Originally posted at SheLoves Magazine.
“If you come at four in the afternoon, I’ll begin to be happy by three.” ― Antoine de Saint-Exupéry, The Little Prince
I’m a recovering Type-A personality. I haven’t made a long-term plan for the better part of five years. Instead, I’ve filled my life with short-term goals, retail jobs, freelance projects and adventures. I want to taste and see the WHOLE WORLD, so I pick and graze and move on when I’m done. It’s my drifting balloon-like personality that God somehow still manages to use sometimes.
I don’t run marathons; I sprint. I run as fast as I can and then I pass on the baton and call it a day.
The problem with being a sprinter is that I’m also a writer and that is a slowwwwwww process, a lifetime commitment, and it is definitely a marathon.
I have known I was a writer since I was 8 years old. It’s a common affliction for the poor souls who love books more than they love people or sports or candy.
I wrote my first novel when I was 12. I wrote my first blog post when I was 22. I can’t foresee a time when I will stop being a writer—it’s a filthy, unshakeable habit, I suppose.
But the dream of writing something big, like, I dunno, maybe A WHOLE BOOK, well that takes time, that takes hard work, that takes a plan. That’s big.
Six of my friends are writing BOOKS right now. They talk about book proposals and sample chapters and literary agents. I hear about how a financial advance is a terrifying motivator and that an editor is both the enemy and the hero all at once.
I look down the road towards writing MY BOOK with all that work and commitment and I think I prefer the idea that I might, someday (not this year) actually write that pesky little book. And I love that dream.

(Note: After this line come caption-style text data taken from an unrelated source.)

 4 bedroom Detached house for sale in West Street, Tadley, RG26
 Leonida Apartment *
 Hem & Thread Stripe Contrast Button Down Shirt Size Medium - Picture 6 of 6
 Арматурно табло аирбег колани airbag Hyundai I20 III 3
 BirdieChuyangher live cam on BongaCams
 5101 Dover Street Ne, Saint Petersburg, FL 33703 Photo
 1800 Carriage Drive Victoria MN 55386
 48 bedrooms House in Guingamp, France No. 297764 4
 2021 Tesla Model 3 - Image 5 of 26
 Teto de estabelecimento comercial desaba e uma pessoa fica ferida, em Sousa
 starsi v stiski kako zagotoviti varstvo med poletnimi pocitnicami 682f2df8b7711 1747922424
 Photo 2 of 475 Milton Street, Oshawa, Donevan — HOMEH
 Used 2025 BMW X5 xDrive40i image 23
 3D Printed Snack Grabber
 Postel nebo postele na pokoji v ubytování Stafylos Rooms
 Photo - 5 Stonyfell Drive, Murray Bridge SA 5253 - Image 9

But for right now, I’m enjoying the anticipation of the dream more than the actual dream.
People like to tell me, “It won’t get any easier later” and “There’s never going to be enough time, so you just have to start now.” But I’m not letting the time slip idly by. I’m living life to its fullest and I’m writing about it here and there in blog posts and journals and the occasional restaurant napkin.
You see, I don’t have any other lofty, big plans (not real ones). I just have the one dream of pouring all my life into the pages of a very big, very funny book. Having it finished or published isn’t the point. The point is that I can wander the whole world, I can taste and see and smell and still look out to that same dream that I swear God built in me. And that, my friends, is pretty fantastic.